Available data ▸
--------------------------------------------------

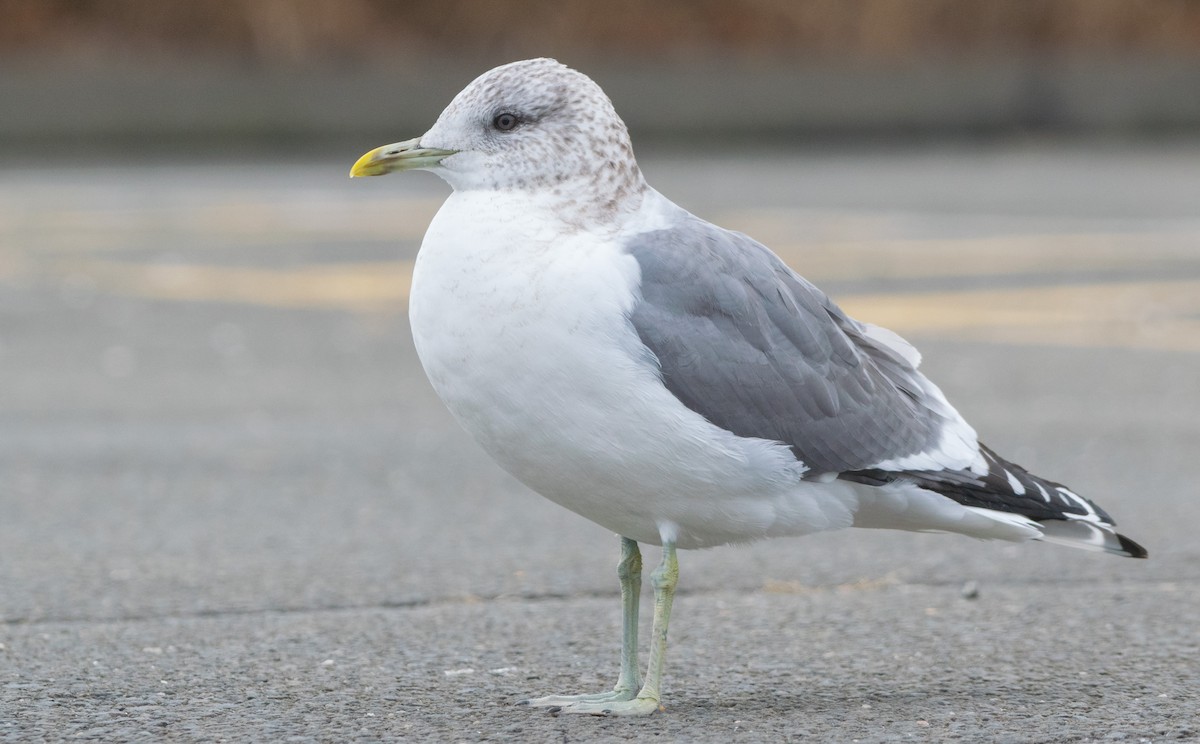 Common Gull (Kamchatka) - ML135980271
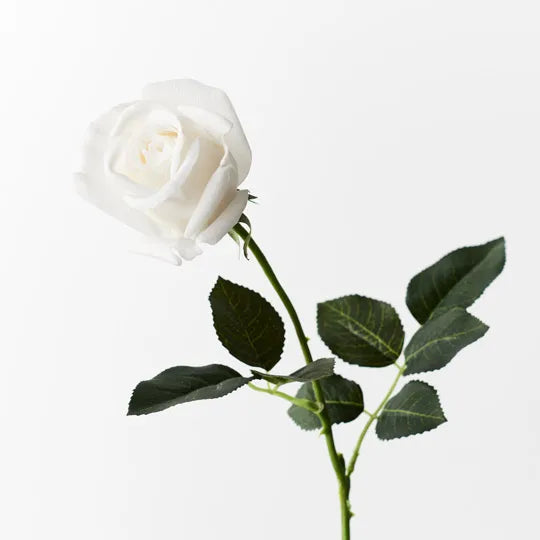 Rose Yvie Winter White 65cml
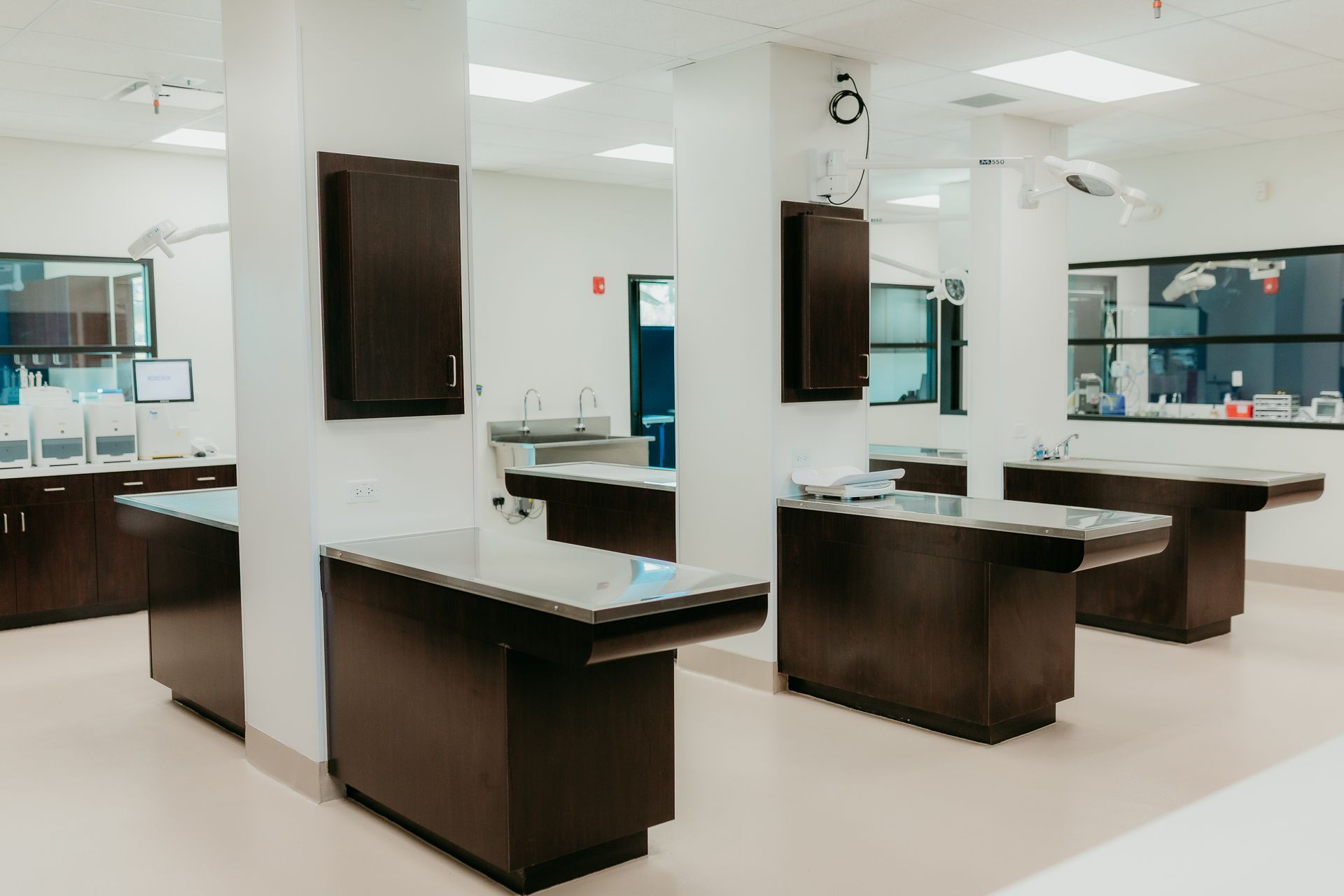 Veterinary surgical suite with stainless steel tables, dark cabinets, and white walls.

--------------------------------------------------

What the exercise asks ▸ The whole of the data needs to be copied word for word, though not its pictures.

Exercise response ▸
 Common Gull (Kamchatka) - ML135980271
 Rose Yvie Winter White 65cml
 Veterinary surgical suite with stainless steel tables, dark cabinets, and white walls.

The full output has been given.